To solve this, we could write the code like this:
(m/search tasks
(m/scan {:id ?id
:assignee (m/or (m/and nil ?assignee)
{:name ?assignee})})
{:id ?id
:assignee ?assignee})For the :assignee field, it either matches a nil and at the same
time binds the ?assignee variable to nil, or it matches a map whose
:name value is bound to the ?assignee variable.

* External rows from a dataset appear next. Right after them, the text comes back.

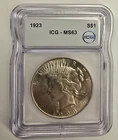 1923 $1 Silver Peace Dollar - ICG MS63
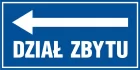 Dział zbytu w lewo - znak informacyjny - PB069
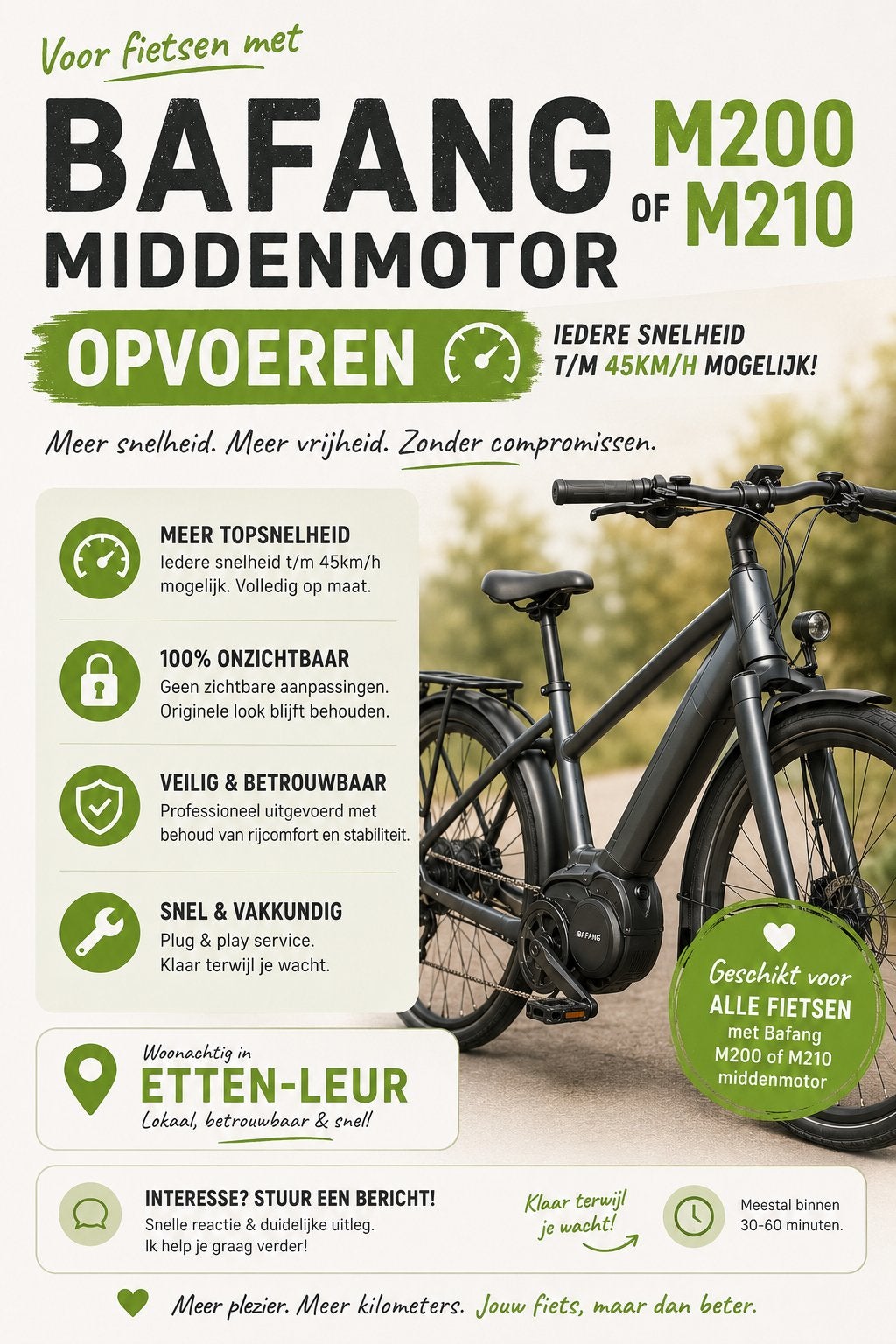 Bafang M200/M210 Middenmotor Opvoeren tot 45km/u, Fietsen en Brommers, Ophalen, Nieuw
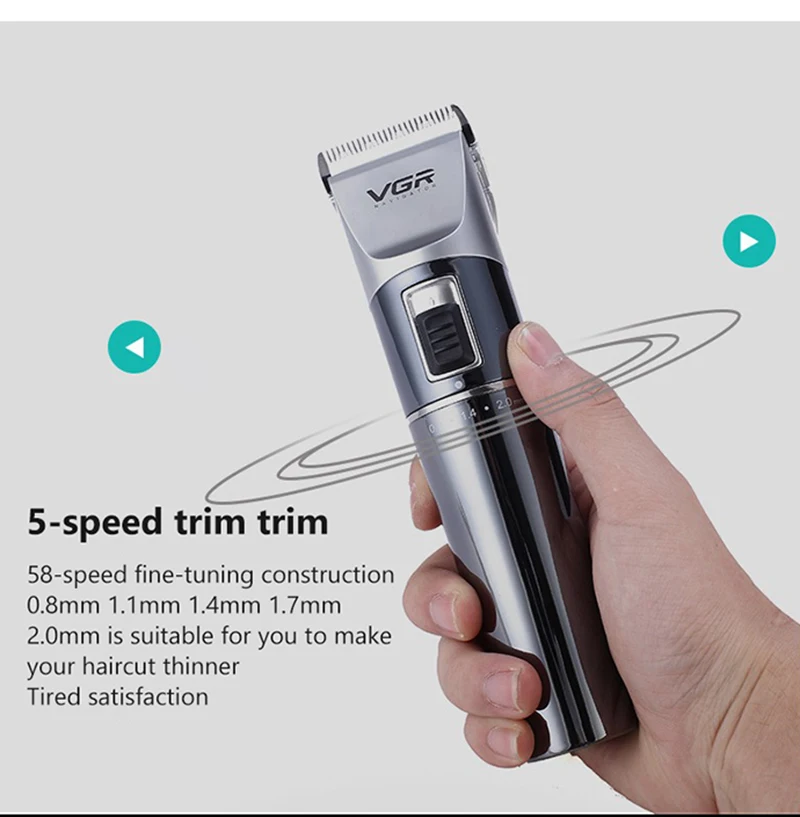 VGR электрические машинки для стрижки волос перезаряжаемый беспроводной триммер для волос с ЖК-дисплеем 4 направляющие расчески для мужчин и детей
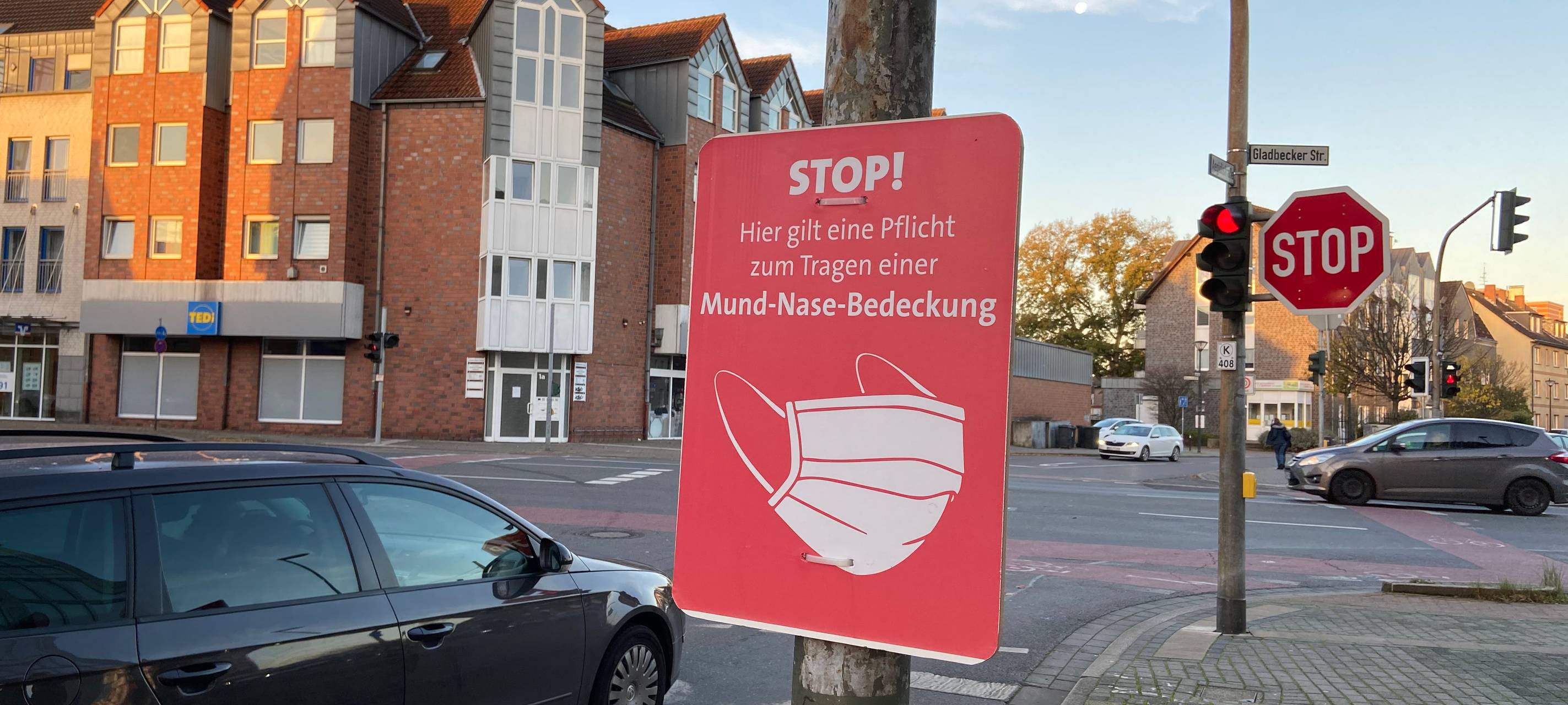 Maskenpflicht Schild Bottrop Eigen Gladbecker Straße Aegidistraße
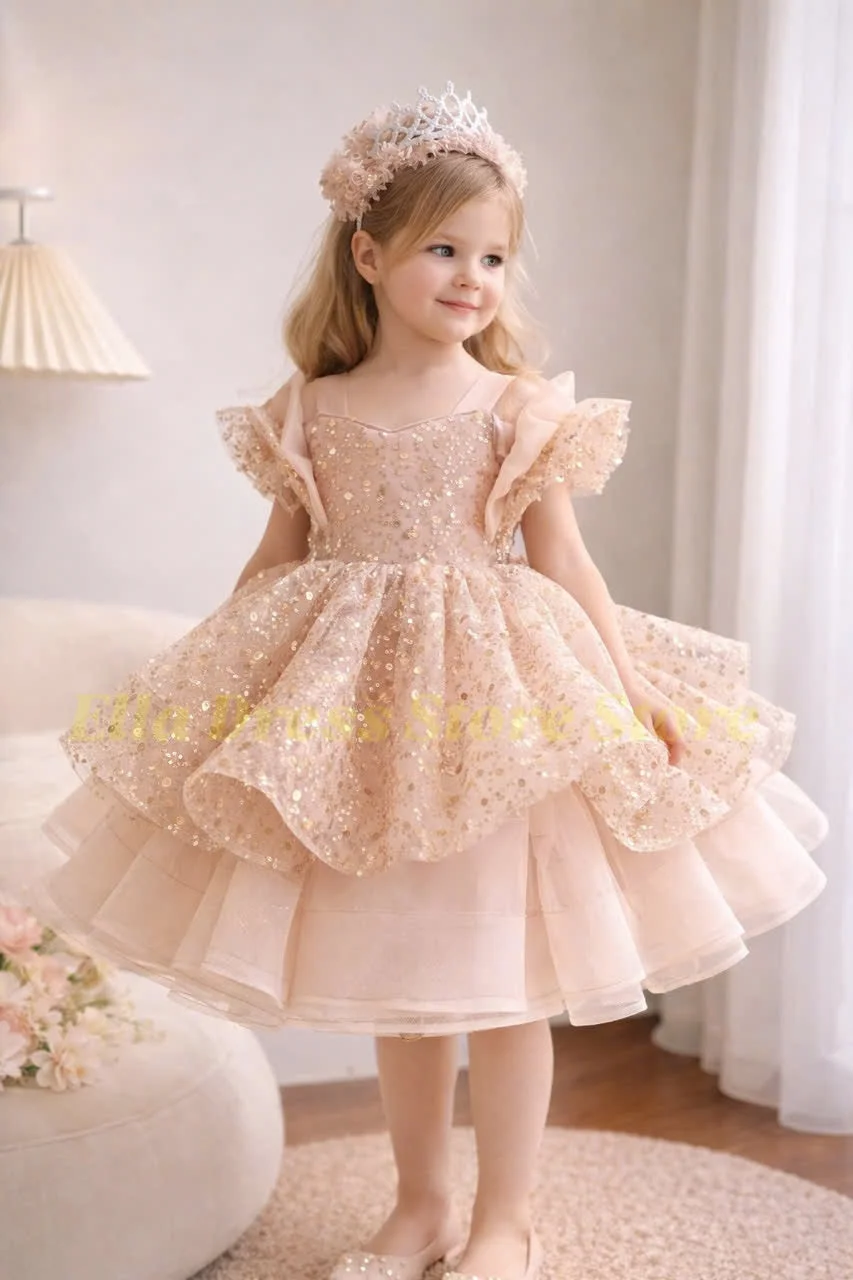Großhandel Maßgeschneiderte Flauschige Goldene Satin-Blumenmädchenkleider Knielang Hochzeitsfeierkleid Schleife Kleinkind Baby Geburtstag Festzug Ballett – Detail 4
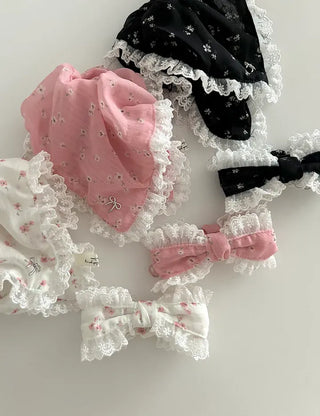 Flower Chiffon Lace Banana Pin / Scrunchie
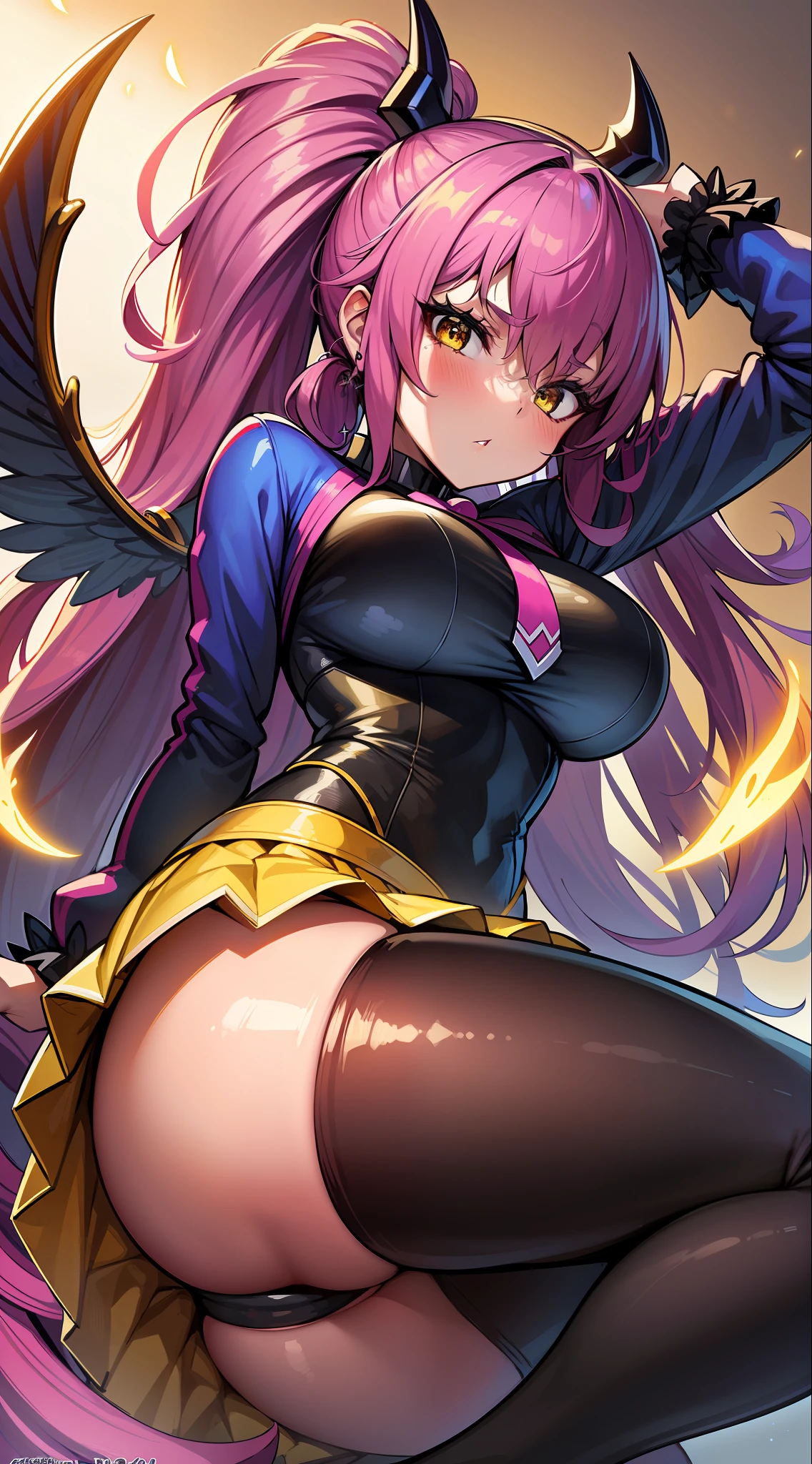 (HD, Sharp, Fractal), Single Woman, Super Glossy Skin, Magical Girl, 25 years old, Leotard, Mini Skirt,Big, Yellow and Black Costume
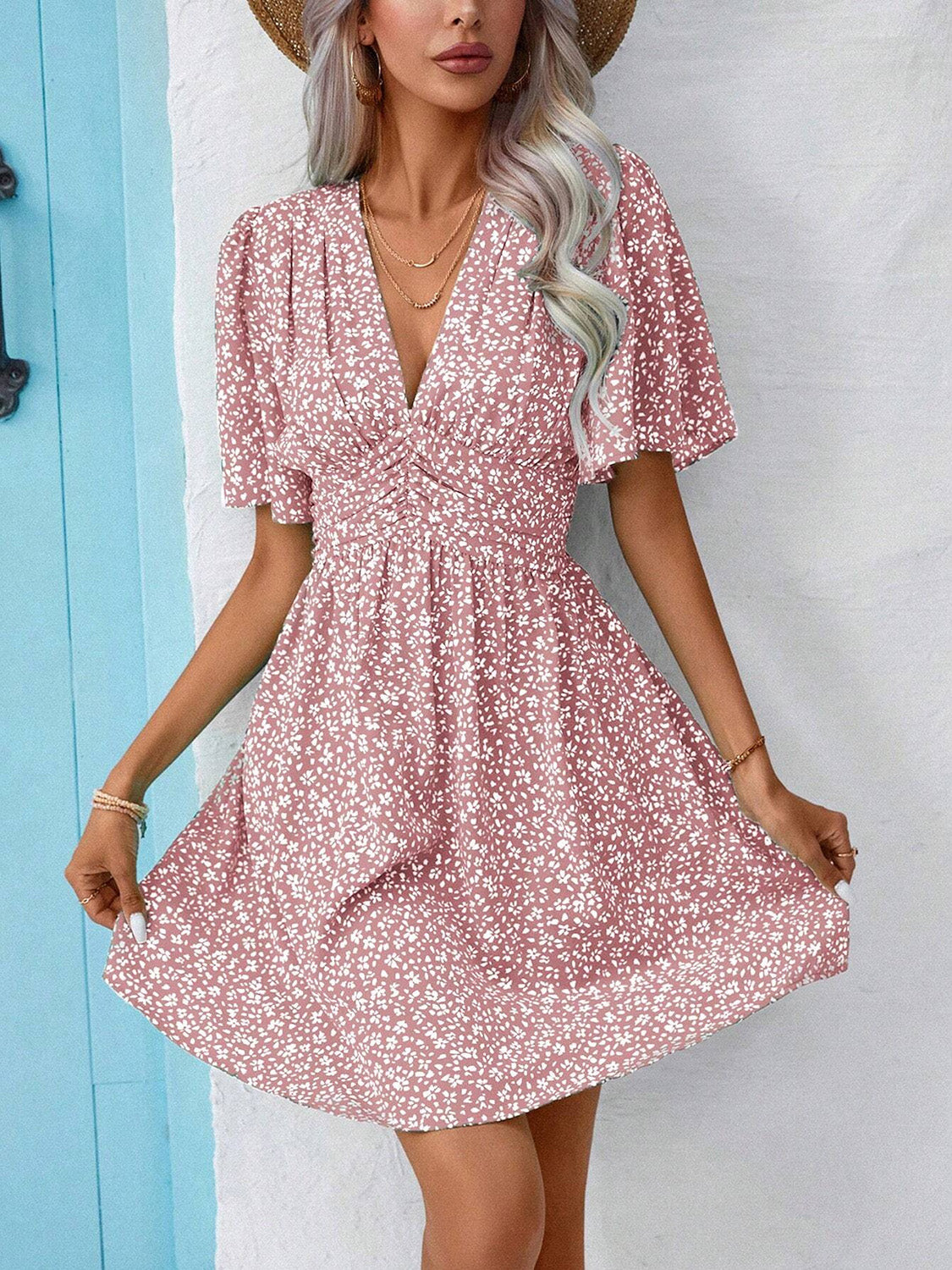 Printed V-Neck Half Sleeve Mini Dress - RebelReine Apparel & Co.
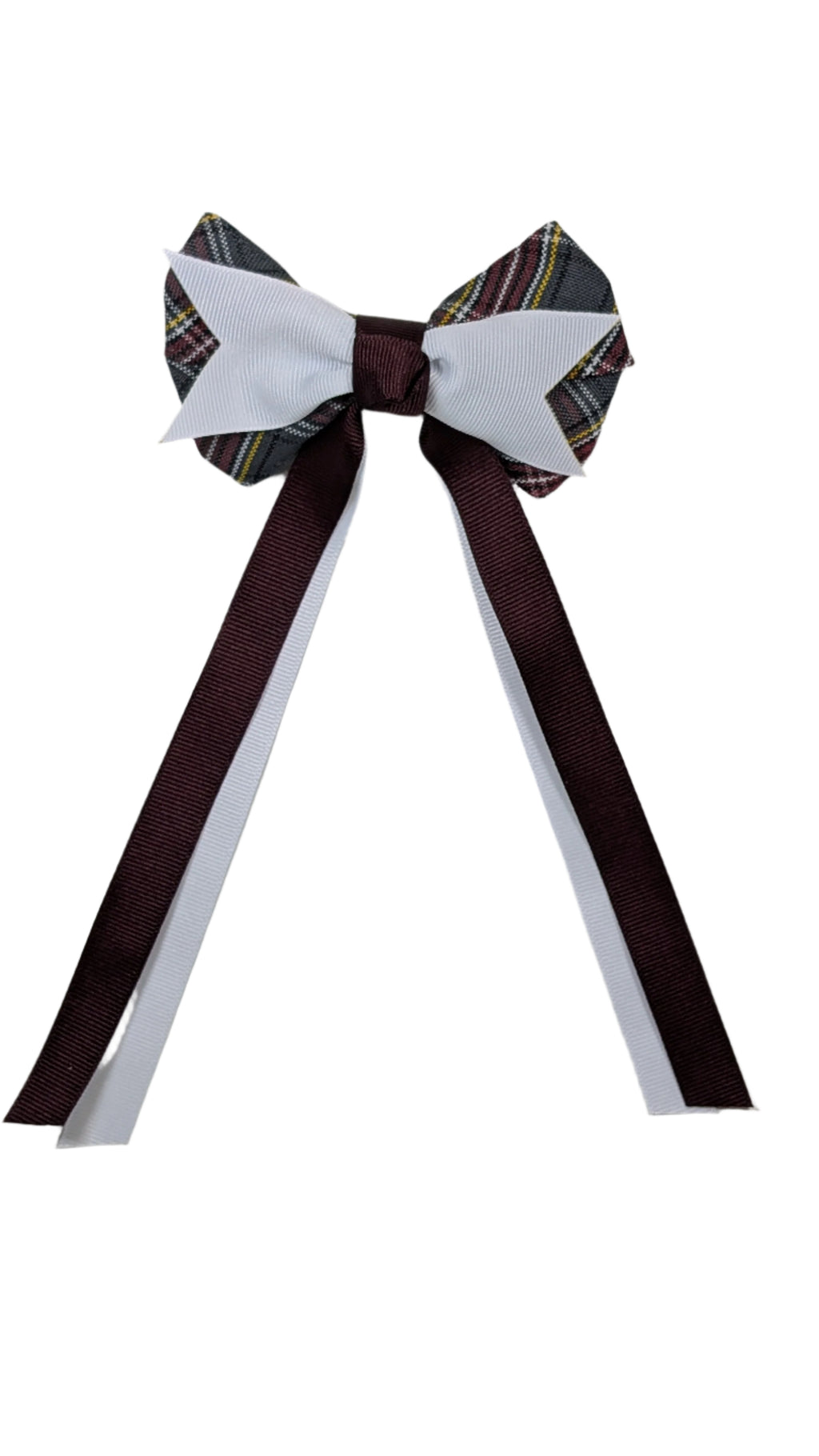 CHS Plaid Bow w/White Spike w/Streamers - French Clip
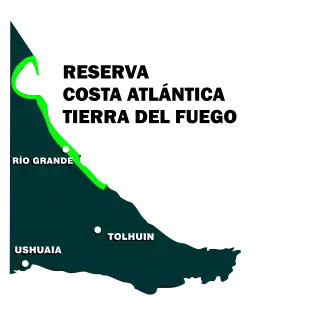 Lage des Naturschutzgebiets auf Feuerland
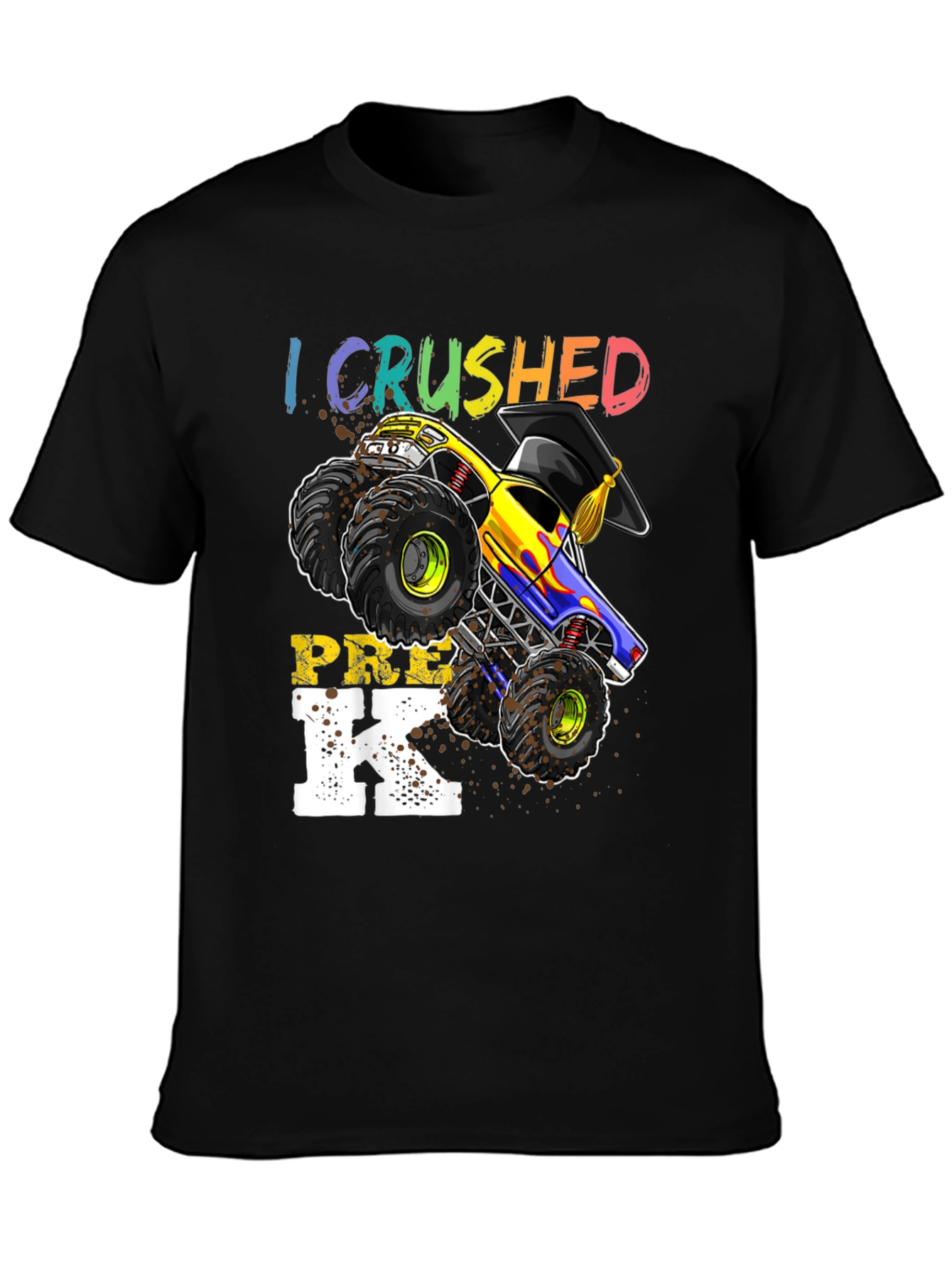 Crushed Pre-K Monster Truck Graduation T-Shirt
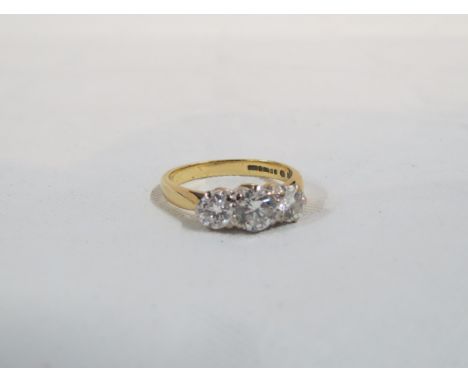 18CT GOLD DIAMOND 3 STONE RING WITH 1.37 CARAT OF DIAMONDS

Consider the following Scheme syntax definition:
(define-syntax conde
(syntax-rules ()
((_ (g0 g ...) ...) (disj+ (conj+ g0 g ...) ...))))i.e. a form such as:
(conde (g0 g1 g2) (g3 g4))Will expand to:
(disj+ (conj+ g0 g1 g2) (conj+ g3 g4))Using regular macros, it could be written in Clojure as:
(defmacro conde
[[g0 & gs] & more]
`(disj+
(conj+ ~g0 ~@gs)
~@(map
(fn [[g0 & gs]]
`(cojn+ ~g0 ~@gs))
more)))In meander, we might try implementing it as:
(m/rewrite
'(conde [g0 g1 g2] [g3 g4])
(_ . [!g ...] ... )
(disj+ . (conj+ . !g ...) ... ))
;; => (disj+ (conj+ g0 g1 g2 g3 g4))But the memory variable !g captures all gs.
We can provide an "early termination" condition to each group by specifying a quantifier to the inner matching pattern:
(m/rewrite
'(conde [g0 g1 g2] [g3 g4] [g7 g8 g9])
(_ . [!g ..!n] ... )
(disj+ . (conj+ . !g ..!n) ... ))
;; => (disj+ (conj+ g0 g1 g2) (conj+ g3 g4) (conj+ g7 g8 g9))